Simply put, he is too heavy for his age.

“Compared to currently accepted models, HD-114082b is about two to three times too dense for a young gas giant only 15 million years old,” explains astrophysicist Olga Zahozai from the Max Planck Institute for Astronomy in Germany.

Orbiting a star named HD-114082 about 300 light-years away, the exoplanet has been the subject of an intensive data-gathering campaign. At just 15 million years old, HD-114082b is one of the youngest exoplanets ever discovered, and understanding its properties could provide clues about how planets form, a process that is not fully understood.

Two types of data are needed to comprehensively characterize an exoplanet based on the effect it has on the host star. Transit data is a record of how a star’s light dims when an orbiting exoplanet passes in front of it. If we know how bright the star is, this faint dimming can reveal the size of the exoplanet.

The radial velocity data, on the other hand, is a record of how much a star wobbles in place in response to the exoplanet’s gravitational pull. If we know the mass of the star, then the amplitude of its oscillation can give us the mass of the exoplanet.

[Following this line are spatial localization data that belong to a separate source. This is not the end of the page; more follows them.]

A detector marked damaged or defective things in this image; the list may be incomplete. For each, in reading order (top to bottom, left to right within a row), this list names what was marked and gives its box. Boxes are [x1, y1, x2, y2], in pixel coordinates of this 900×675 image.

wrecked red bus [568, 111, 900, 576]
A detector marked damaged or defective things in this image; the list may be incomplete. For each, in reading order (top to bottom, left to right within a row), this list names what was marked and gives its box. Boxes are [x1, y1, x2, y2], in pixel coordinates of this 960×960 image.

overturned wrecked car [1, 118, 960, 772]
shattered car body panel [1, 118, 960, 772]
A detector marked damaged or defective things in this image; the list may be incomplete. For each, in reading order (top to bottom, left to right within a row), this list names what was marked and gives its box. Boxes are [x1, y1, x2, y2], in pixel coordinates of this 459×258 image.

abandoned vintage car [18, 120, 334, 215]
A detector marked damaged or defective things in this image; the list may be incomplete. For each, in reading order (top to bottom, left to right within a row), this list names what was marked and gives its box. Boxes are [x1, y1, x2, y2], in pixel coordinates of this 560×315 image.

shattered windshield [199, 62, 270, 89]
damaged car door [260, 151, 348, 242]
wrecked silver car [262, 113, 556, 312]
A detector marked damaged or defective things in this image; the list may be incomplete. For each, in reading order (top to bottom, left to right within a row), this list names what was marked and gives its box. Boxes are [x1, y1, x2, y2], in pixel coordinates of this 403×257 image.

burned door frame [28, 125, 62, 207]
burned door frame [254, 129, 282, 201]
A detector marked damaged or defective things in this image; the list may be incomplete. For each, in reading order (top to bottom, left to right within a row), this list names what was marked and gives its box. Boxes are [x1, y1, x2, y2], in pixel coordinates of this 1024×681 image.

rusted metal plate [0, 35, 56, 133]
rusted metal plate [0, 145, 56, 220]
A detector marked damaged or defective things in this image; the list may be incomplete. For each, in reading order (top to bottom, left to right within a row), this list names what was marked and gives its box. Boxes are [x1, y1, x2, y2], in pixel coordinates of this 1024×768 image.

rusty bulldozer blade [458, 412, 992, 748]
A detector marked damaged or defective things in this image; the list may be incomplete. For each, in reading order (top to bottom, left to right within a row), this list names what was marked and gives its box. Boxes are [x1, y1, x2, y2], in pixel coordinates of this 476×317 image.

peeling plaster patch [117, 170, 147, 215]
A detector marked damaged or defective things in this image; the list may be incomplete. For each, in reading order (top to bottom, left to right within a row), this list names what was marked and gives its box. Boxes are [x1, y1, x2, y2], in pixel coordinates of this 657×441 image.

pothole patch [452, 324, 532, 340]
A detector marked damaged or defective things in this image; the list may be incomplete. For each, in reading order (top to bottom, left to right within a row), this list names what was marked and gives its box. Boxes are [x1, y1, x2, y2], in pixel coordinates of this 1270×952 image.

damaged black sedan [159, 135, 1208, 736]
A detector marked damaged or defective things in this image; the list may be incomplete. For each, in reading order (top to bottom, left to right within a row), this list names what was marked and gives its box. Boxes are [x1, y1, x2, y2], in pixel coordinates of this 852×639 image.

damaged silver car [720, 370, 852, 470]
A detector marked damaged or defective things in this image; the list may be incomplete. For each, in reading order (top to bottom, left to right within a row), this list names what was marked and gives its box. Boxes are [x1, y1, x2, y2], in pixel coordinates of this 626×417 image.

For nearly four years, researchers collected observations of HD-114082’s radial velocity. Using the combined transit and radial velocity data, the researchers found that HD-114082b has the same radius as Jupiter – but it is 8 times the mass of Jupiter. This means the exoplanet is roughly twice the density of Earth and nearly 10 times the density of Jupiter.

The size and mass of this young exoplanet means it is highly unlikely to be a super-large rocky planet; the upper limit for them is approx 3 Earth radii and 25 Earth masses.

There is also a very small range of densities in rocky exoplanets. Above this range, the body becomes denserand the planet’s gravity begins to trap a significant atmosphere of hydrogen and helium.

HD-114082b is in much more than these parameters, meaning it is a gas giant. But astronomers just don’t know how it happened.

“We think giant planets can form in two possible ways,” says astronomer Ralph Launhardt of MPIA. “Both occur in a protoplanetary disk of gas and dust distributed around a young central star.”

The two ways are called “cold start” or “hot start”. In a cold start, the exoplanet is thought to form, pebble by pebble, from debris in the disk orbiting the star.

The particles are attracted, first electrostatically, then gravitationally. The more mass it gains, the faster it grows until it becomes massive enough to cause a rapid accretion of hydrogen and helium, the lightest elements in the universe, resulting in a massive gas shell around a rocky core.

Given that gases lose heat as they fall toward the planet’s core and form an atmosphere, this is seen as a relatively cool option.

A hot start is also known as a disc instability and is thought to occur when a rotating region of instability in the disc directly collapses in on itself under the influence of gravity. The resulting body is a fully formed exoplanet that does not have a rocky core where gases retain most of their heat.

Exoplanets that experience cold or hot starts must cool at different rates, producing different features that we should be able to observe.

HD-114082b’s properties don’t fit the hot-start model, the researchers say; its size and mass are more consistent with core accretion. But even then, it’s still too massive for its size. Either there is an abnormally broken core or something else is going on.

“It’s too early to abandon the idea of ​​a hot start,” Launhard says. “All we can say is that we still don’t understand the formation of the giant planets very well.”

The exoplanet is one of three known to be less than 30 million years old for which astronomers have obtained radius and mass measurements. So far, all three seem inconsistent with the disc instability model.

Obviously three is a very small sample size, but three for three suggests that perhaps the underlying hoarding may be the more common of the two.

“Although more such planets are needed to confirm this trend, we believe theorists should begin to reevaluate their calculations.” Zahojai says.

“It is exciting how our observational results feed back into the theory of planet formation. They help improve our knowledge of how these giant planets grow and tell us where the gaps in our understanding lie.”

The study was published in Astronomy and astrophysics.